Ainsi, dans sa proposition de budget, il promet l’équilibre en ne donnant aucun moyen pour y arriver. Au contraire, elle prévoit d’importantes coupesii dans les impôts et taxes mais sans pour autant qu’elles soient à la hauteur de l’objectif. Tout cela repose sur une de ces fausses promesses en politiques, le bar ouvert ; (tout sera revu). Ce qui fait dire à Paul Krugman (prix Nobel d’économie et chroniqueur au N-Y Times, n.d.t.) que c’est une véritable ouverture à la « culture de la corruption ».

La base traditionnelle républicaine a reçu son congé. Mais le prix à payer pourrait être élevé. L’électorat peut ne pas être dupe à ce point.
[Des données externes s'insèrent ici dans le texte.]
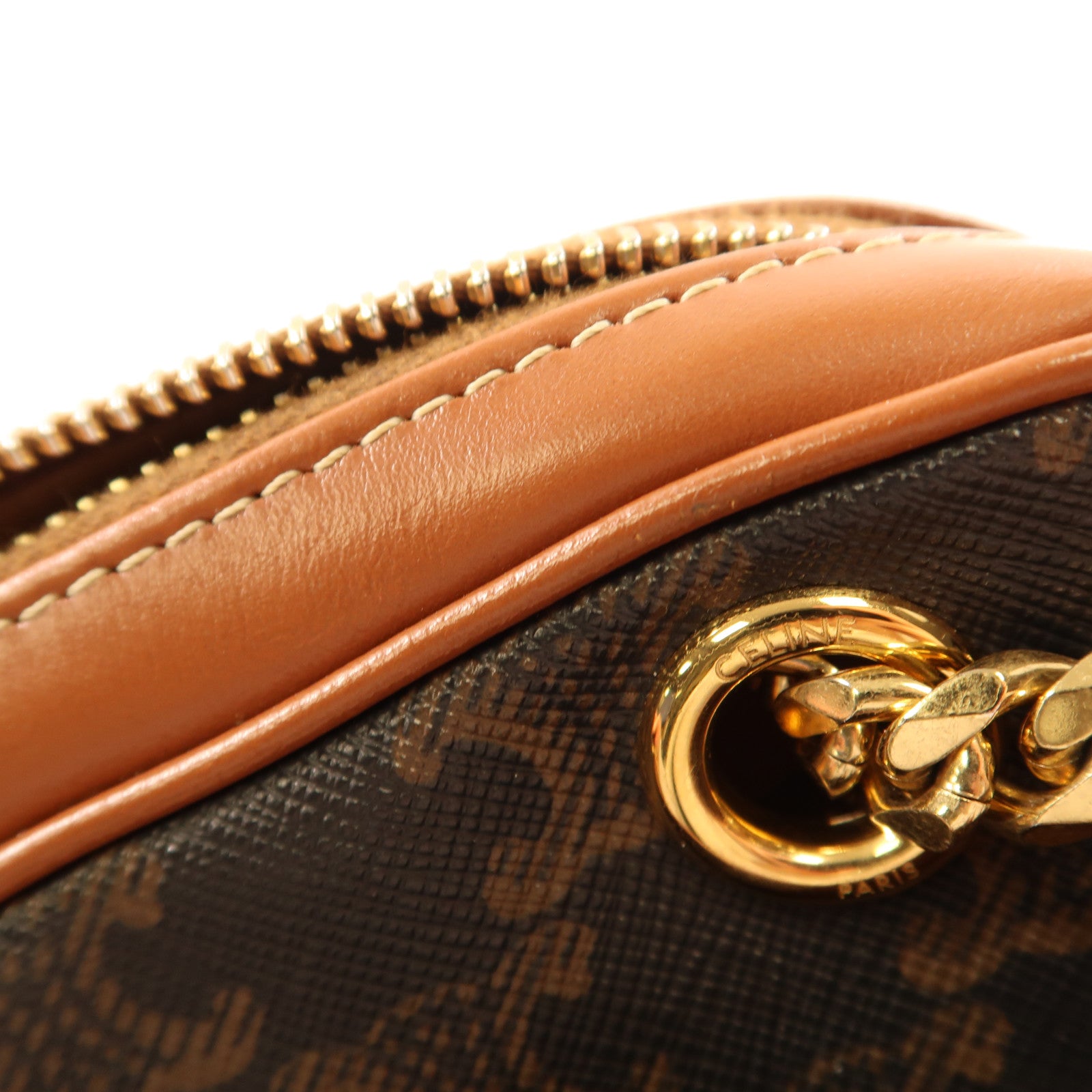 CELINE 塗層帆布Small Patapans金扣鏈帶肩背袋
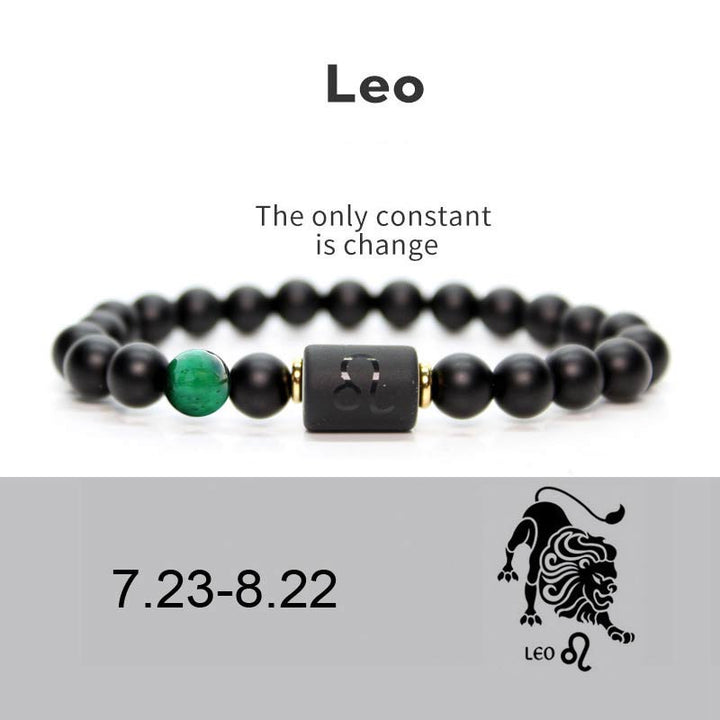 Buddha Stones Verstelbare Armband van zwarte onyx met de 12 sterrenbeelden van de dierenriem - Leeuw - image 5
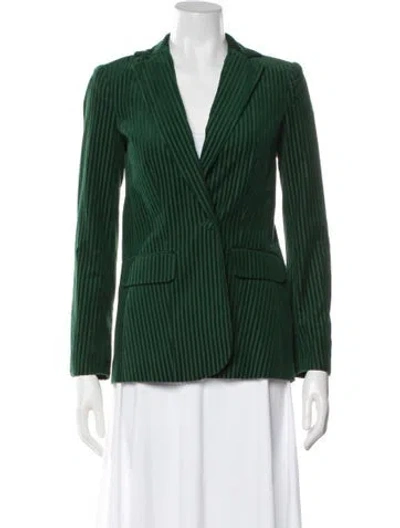 Pre-owned Frame Striped Blazer In Green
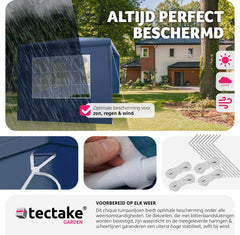 Partytent - 3x3m - Paviljoen - Waterdicht - Blauw - Tectake
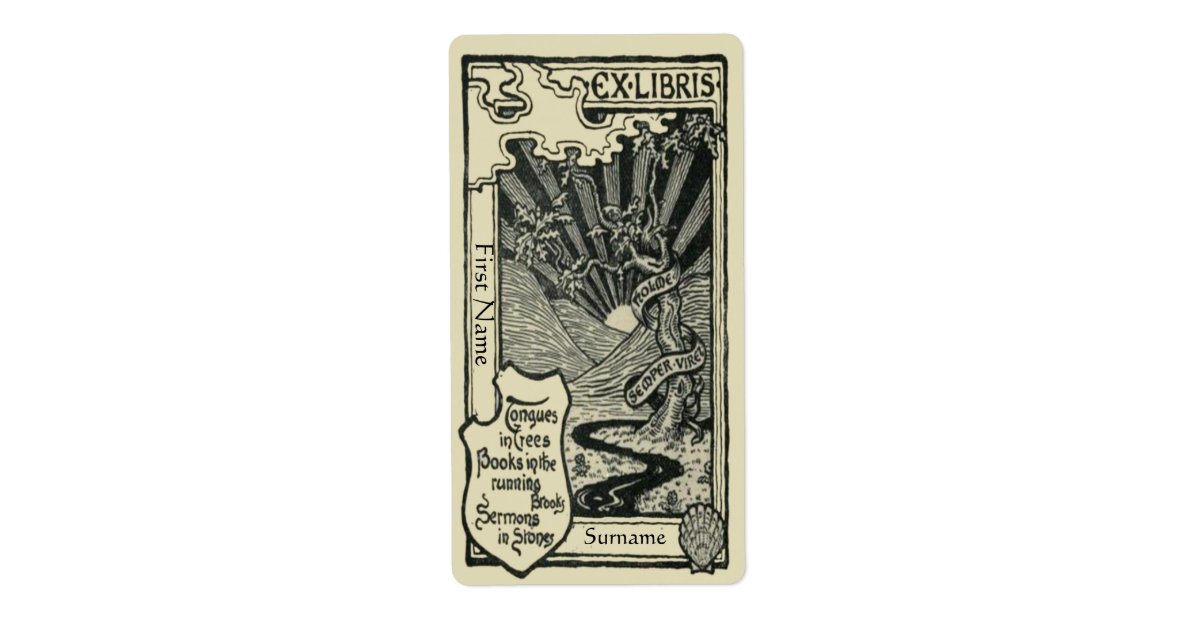 Personal Vintage Bookplate Labels | Zazzle.com
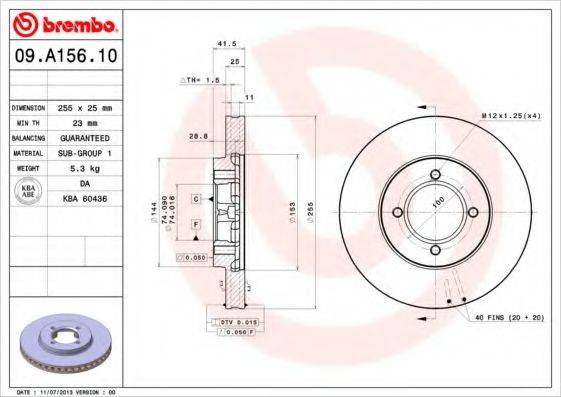 BREMBO 09.A156.10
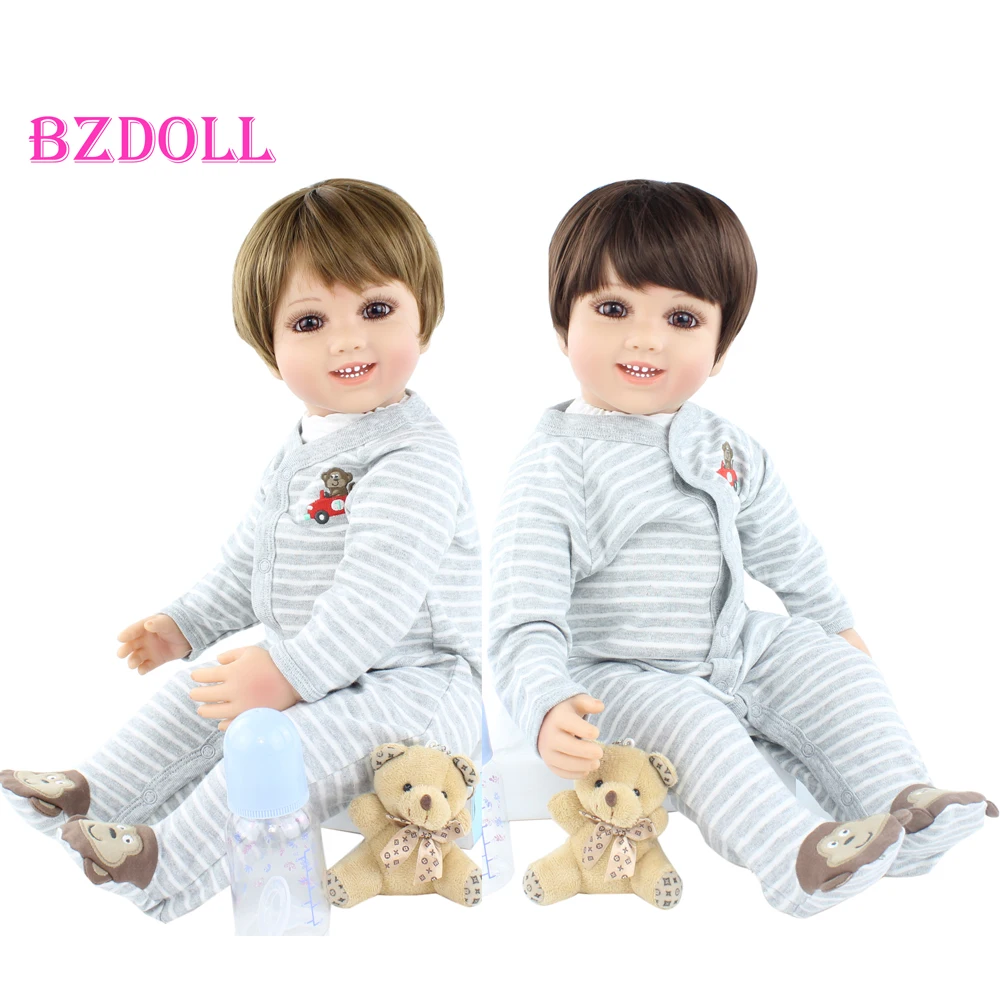 

60 CM Silicone Reborn Boy Doll For Girl Toddler Babies Dress Up Boneca Birthday Gift Child Play House Bedtime Toy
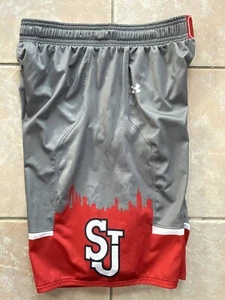 UNDER ARMOUR St. John’s Red Storm Shorts YOUTH Large NYC Skyline Basketball - Picture 1 of 8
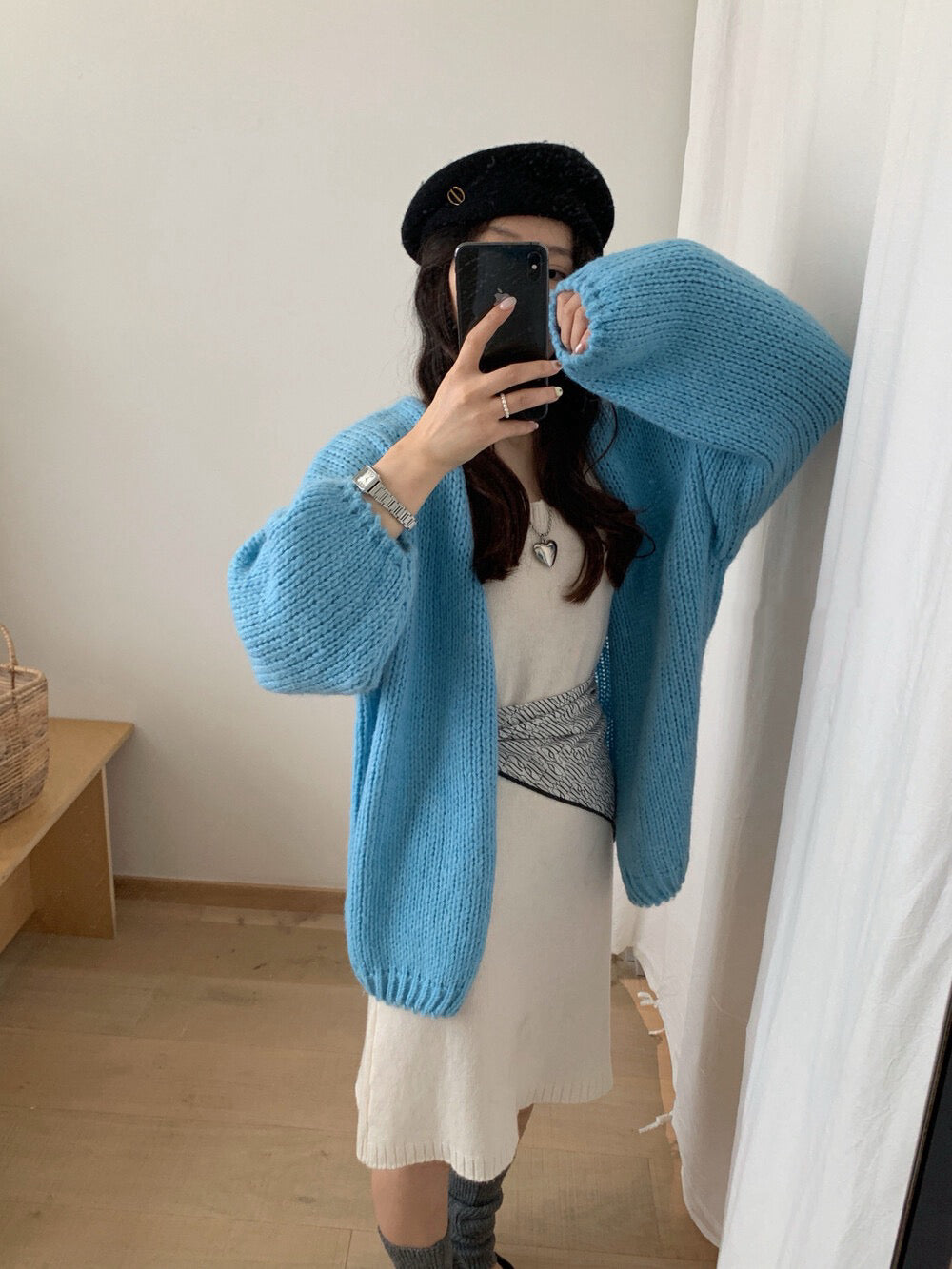 // 12%wool慵懶束袖口疏針CD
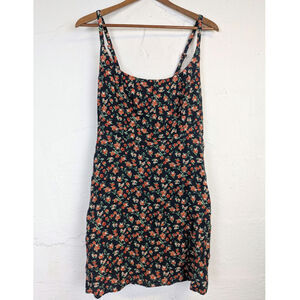Floral Linen Blend Sundress Blue Red Ditsy Flowers Smocked Cottagecore Medium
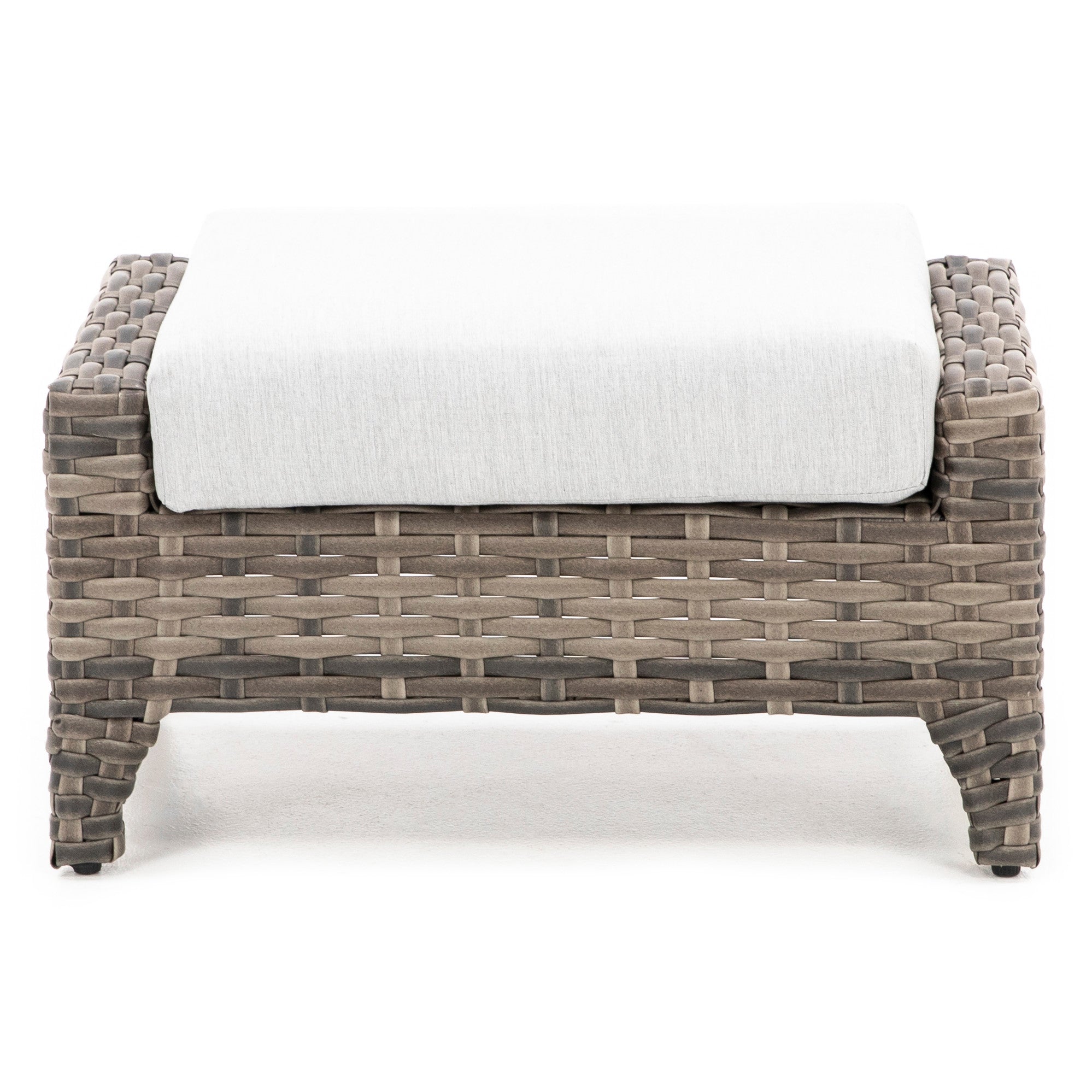 Wicker ottoman with light gray cushion.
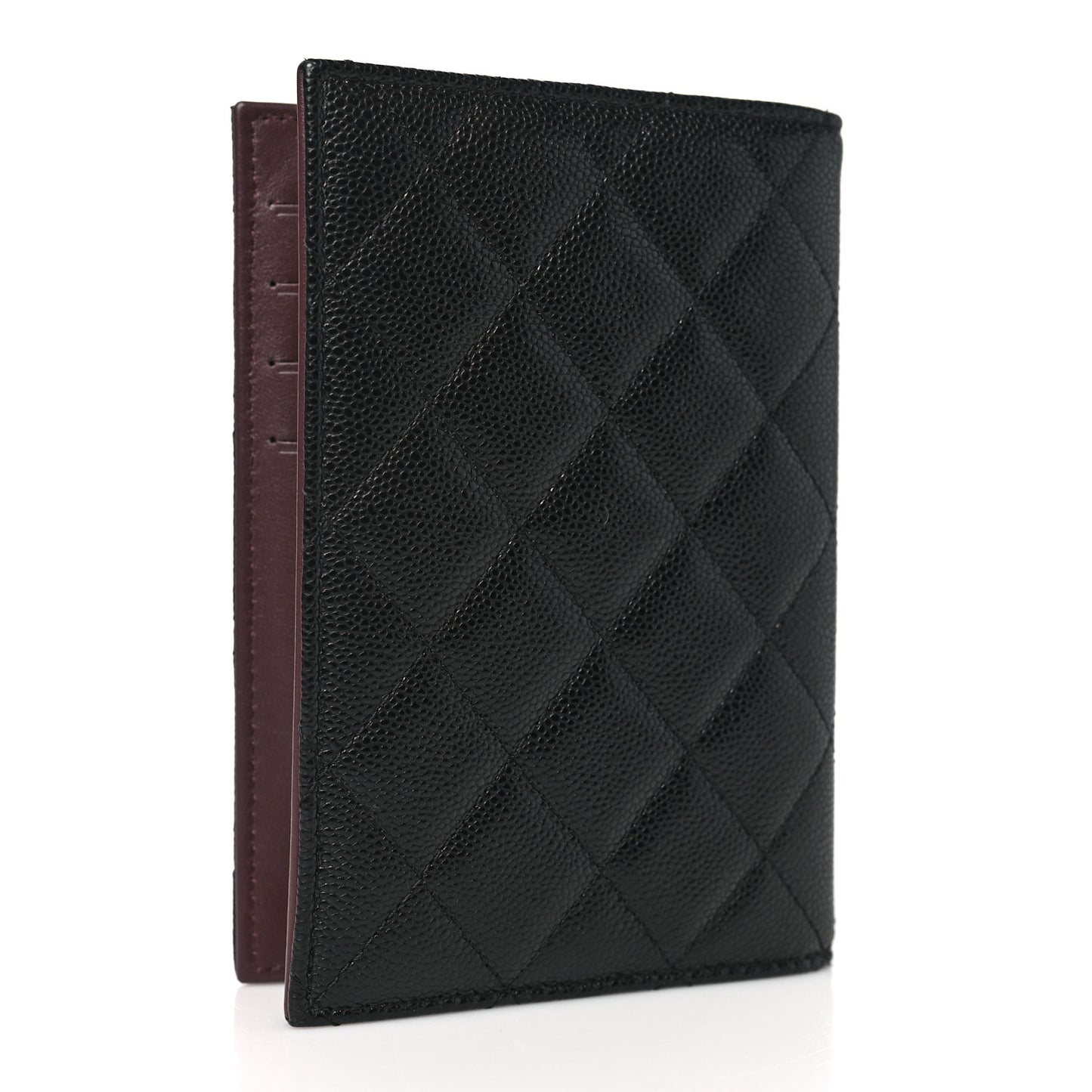 Caviar Quilted Passport Holder Black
Les électeurs-trices ne sont peut-être pas tous et toutes en train d’étudier de lourds rapports pour découvrir la réalité, mais ils et elles sont moins passionnément attachéEs aux fantaisies des fanatiques républicainEs. Cela pourra peut-être sauver la politique de ce pays, par ailleurs menée par la manipulation médiatique.